Qualvolle Seifenoper Charlie Gards Pflegeteam meldet sich zu Wort

Charlie starb wenige Tage vor seinem ersten Geburtstag.

Charlie starb wenige Tage vor seinem ersten Geburtstag.

(Foto: dpa)

Fast jeder hatte in den vergangenen Wochen zum Fall Charlie Gard etwas zu sagen: Seine Eltern, der US-Präsident, mehrere Richter, der Papst. Aus dem Krankenhaus, in dem das todkranke Baby behandelt wurde, kam hingegen nur Schweigen. Bis jetzt.

Wenige Tage nach dem Tod des unheilbar erkrankten Charlie Gard hat sich ein Mitglied des medizinisches Teams, das das Baby behandelte, zu dem Fall geäußert. Dem britischen "Guardian" sagte die Person, die anonym bleiben möchte, 200 Krankenschwestern, Ärzte und Berater hätten sich im Great Ormond Street Hospital (Gosh) um Charlie gekümmert.

Sie hätten ihn nicht nur medizinisch versorgt, sondern ihn auch gewaschen, mit ihm gekuschelt und seine Spielsachen an seinem Kinderbett geordnet. "Wie alle Mitarbeiter liebte ich dieses Kind ein bisschen zu sehr." Aber schließlich sei man an dem Punkt gewesen, an dem man nichts mehr habe tun können.
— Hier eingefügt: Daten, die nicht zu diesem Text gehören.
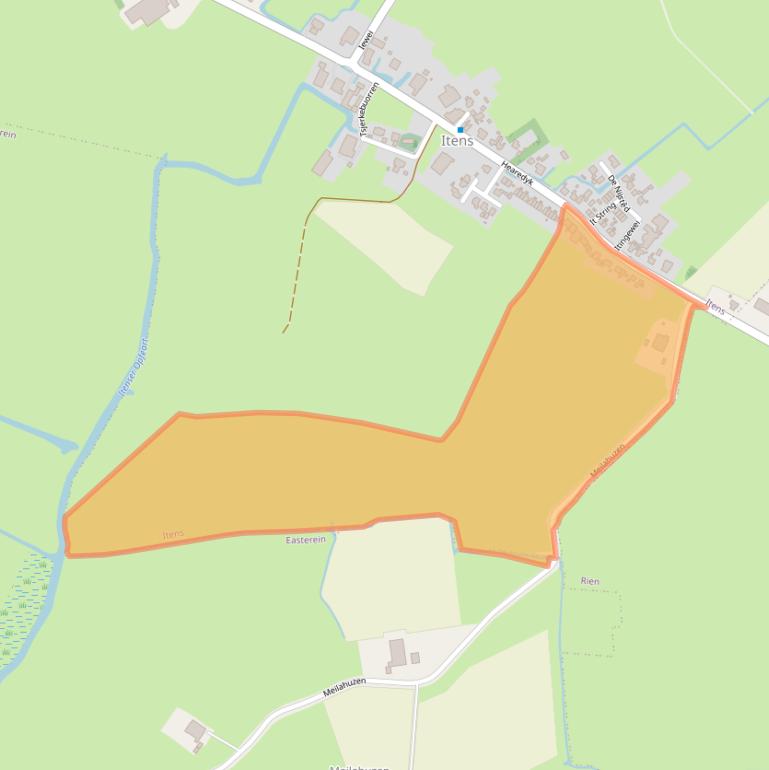 Kaart van postcodegebied 8735HS.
"Wir wollten Charlie nicht verlieren, wir wollten nicht, dass seine Mutter und sein Vater ohne ihn sind, aber es ist unsere juristische und moralische Verpflichtung, für ihn aufzustehen und zu sagen, wenn genug genug ist." Es liege nicht in der Natur von Intensivmedizinern, nicht zu kämpfen. Aber manchmal sei es einfach nicht das Richtige, noch mehr zu tun.

Schmerz verschlimmert

Durch die Einmischung von Menschen wie Donald Trump, Boris Johnson oder des Papstes, die "plötzlich mehr über mitochondriale Krankheiten wussten, als unsere Fachberater", habe sich Charlies Fall in eine "Seifenoper" verwandelt. Deshalb sei das Kind immer weiter behandelt worden, obwohl alle nur wollten, dass es friedlich und geliebt in den Armen seiner Eltern sterben kann.
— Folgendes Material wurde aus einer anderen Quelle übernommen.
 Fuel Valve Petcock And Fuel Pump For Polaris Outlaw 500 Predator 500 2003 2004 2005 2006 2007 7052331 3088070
Die Kolleginnen und Kollegen des Krankenhauses seien "zutiefst betroffen". "Wir lassen Pausen aus, wir bleiben zu lange, wir verbringen unsere Tage damit, zu recherchieren und zu lernen, damit wir besser werden, in dem, was wir tun." Doch vor der Tür des Krankenhauses oder in E-Mails seien sie gefragt worden: "Warum versucht ihr, dieses Kind zu töten?" Menschen, die nichts über Charlies Krankheit oder seinen Zustand wussten, hätten Medien und das Krankenhauspersonal mit Meinungen und Botschaften regelrecht bombardiert.

Das sei nicht hilfreich gewesen. Schlimmer noch: Es habe den Schmerz von Charlies Familie verschlimmert. Auch das sei noch nicht alles: Es wirke sich auf andere Familien aus, deren Kinder noch immer im Great Ormond Street Hospital behandelt werden. "Eltern sind nervös, sie fürchten, wir könnten nicht das Richtige für ihr Kind tun. Diese Angst hat nichts mit der Behandlung zu tun, sie fußt darauf, was ihr über medizinisches Personal gesagt habt, das ihr nicht kennt."

Für immer damit leben

Es gebe immer mal wieder den Fall, dass Eltern und Ärzte uneins über die Behandlung seien. Normalerweise fänden sie zurück ins Gespräch und einigten sich dann. In Charlies Fall hatten mehrere Gerichte entschieden, dass dem Baby das Sterben erlaubt werden müsse. Die Öffentlichkeit werde diese Dinge möglicherweise vergessen, aber Charlie bleibe in der Erinnerung seiner Familie und der Menschen, die ihn gepflegt haben. "Seine Eltern werden damit für immer leben, sie werden immer hin- und hergerissen sein, ob sie für ihr wundervolles Baby die richtige Wahl getroffen haben. Der Schmerz der Eltern ist unvorstellbar, ihr Verlust ist unermesslich und unvergleichlich. Aber wir werden auch für immer damit leben."

Das Schicksal des Jungen hatte weltweit Anteilnahme ausgelöst. Charlie Gard war mit einer seltenen genetischen Krankheit, in der Fachsprache mitochondriales DNA-Depletionssyndrom (MDS), zur Welt gekommen. Sein Gehirn war stark geschädigt, unter anderem konnte er nicht mehr selbstständig atmen. Charlies Ärzte am Londoner Krankenhaus Great Ormond Street (GOSH) hatten dem Kind keine Heilungschancen eingeräumt und die Abschaltung der lebenserhaltenden Geräte beantragt, um dem Baby weiteres Leiden zu ersparen. Seine Eltern kämpften monatelang durch mehrere juristische Instanzen vergeblich für eine Weiterbehandlung ihres Sohnes.